Posted on Jun 4, 2014 in Stated Income Loans

Question by DennisCOSMIC: Do you have to pay income tax on a loan in Canada?
I have a loan coming from canada and I was wondering if I had to pay income tax on it? They are charging me taxes for some reason.
I am not trying to pay taxes with a loan. I am being charged taxes for having a loan from Canada. I wanted to know if this is accurate.

Best answer:

Answer by Scott
Income is income. They don’t care where it comes from.

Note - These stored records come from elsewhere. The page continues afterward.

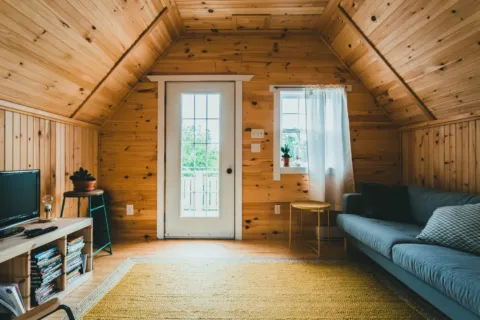Cara menata rumah subsidi dengan tata letak furnitur minimalis dan warna cerah agar terkesan lapang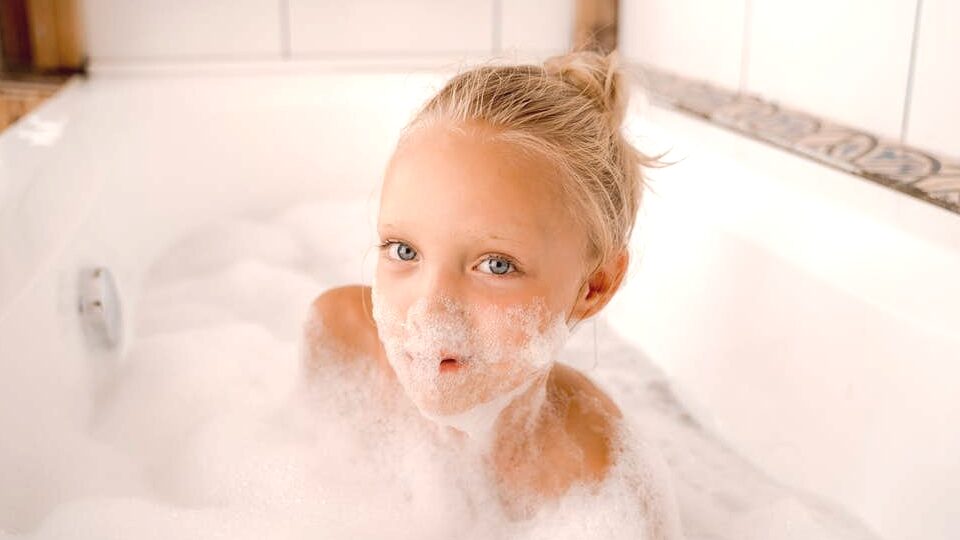 11 лучших шампуней от себореи для детей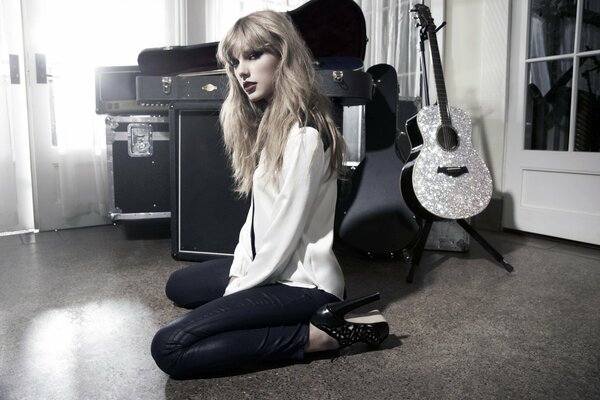 Photo d une fille en chemise avec une guitare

Give your answer to this question below!

3 Comments

  1. Personally, I can’t see how a loan could be consdired income ! It is not income.
    Its so basic. Income means the gain that you increased in wealth. A loan is not an increase in wealth since you owe at least that same amount of money back, and probably more due to interest fees. No one can construe the loan amount as an increase in wealth. Add what you borrowed to the negative amount you owe, and you see, its not income.

  2. 100% scam.

    There is no loan.

    There is only a scammer trying to steal your hard-earned money.

    The next email will be from another of the scammer’s fake names and free email addresses and will demand you pay for made-up loan fees and taxes, in cash, and only by Western Union or moneygram.

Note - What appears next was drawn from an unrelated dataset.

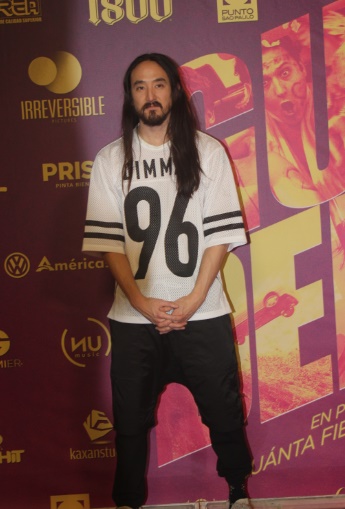 Steve Aoki visita México y enloquece a sus seguidores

    Western Union and moneygram do not verify anything on the form the sender fills out, not the name, not the street address, not the country, not even the gender of the receiver, it all means absolutely nothing. The clerk will not bother to check ID and will simply hand off your cash to whomever walks in the door with the MTCN# and question/answer. Neither company will tell the sender who picked up the cash, at what store location or even in what country your money walked out the door. Neither company has any kind of refund policy, money sent is money gone forever.

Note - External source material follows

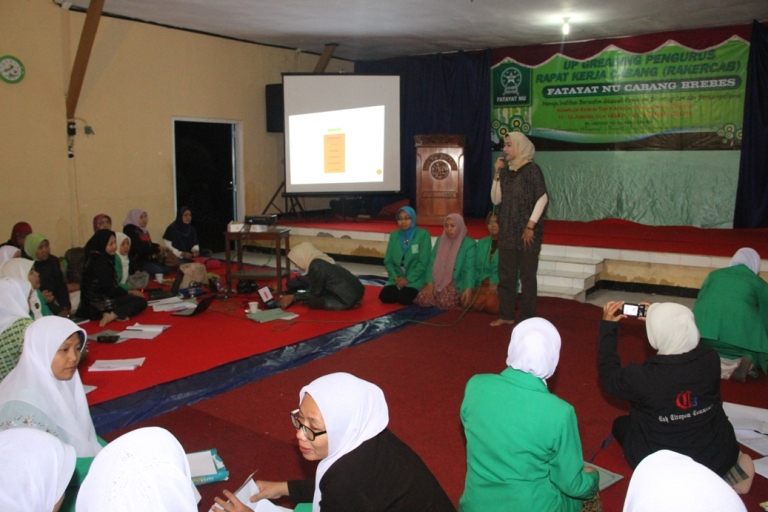 Bupati Brebes: Kualitas Perempuan NU Harus Meningkat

    Now that you have responded to a scammer, you are on his ‘potential sucker’ list, he will try again to separate you from your cash. He will send you more emails from his other free email addresses using another of his fake names with all kinds of stories of cheap loans, great jobs, lottery winnings, millions in the bank and desperate, lonely, sexy singles. He will sell your email address to all his scamming buddies who will also send you dozens of fake emails all with the exact same goal, you sending them your cash via Western Union or moneygram.

    You could post up the email address and the emails themselves that the scammer is using, it will help make your post more googlable for other suspicious potential victims to find when looking for information.

    Do you know how to check the header of a received email? If not, you could google for information. Being able to read the header to determine the geographic location an email originated from will help you weed out the most obvious scams and scammers. Then delete and block that scammer. Don’t bother to tell him that you know he is a scammer, it isn’t worth your effort. He has one job in life, convincing victims to send him their hard-earned cash.

    Whenever suspicious or just plain curious, google everything, website addresses, names used, companies mentioned, phone numbers given, all email addresses, even sentences from the emails as you might be unpleasantly surprised at what you find already posted online. You can also post/ask here and every scam-warner-anti-fraud-busting site you can find before taking a chance and losing money to a scammer.

    If you google “fake loan Western Union”, “fraud loan company scam” or something similar you will find hundreds of posts of victims and near-victims of this type of scam.

  3. The short answer is no, it’s not accurate.

    The long answer is that you pay taxes to your country of residence. As you are not a Canadian resident, Canadian income taxes have no impact on you. Even if loans were taxable to Canadians (which they’re not), it’s not applicable to you because you’re not a resident.

    If you really want to know the income tax rules for the loan (any loan), you need to check with your own country.

    However, I agree with the other posters. You are being scammed. Don’t pay anything up front. If people are asking you to pay some tax or fee, just say “No problem. Deduct it off my proceeds and send me the difference.” They’ll soon lose interest in you.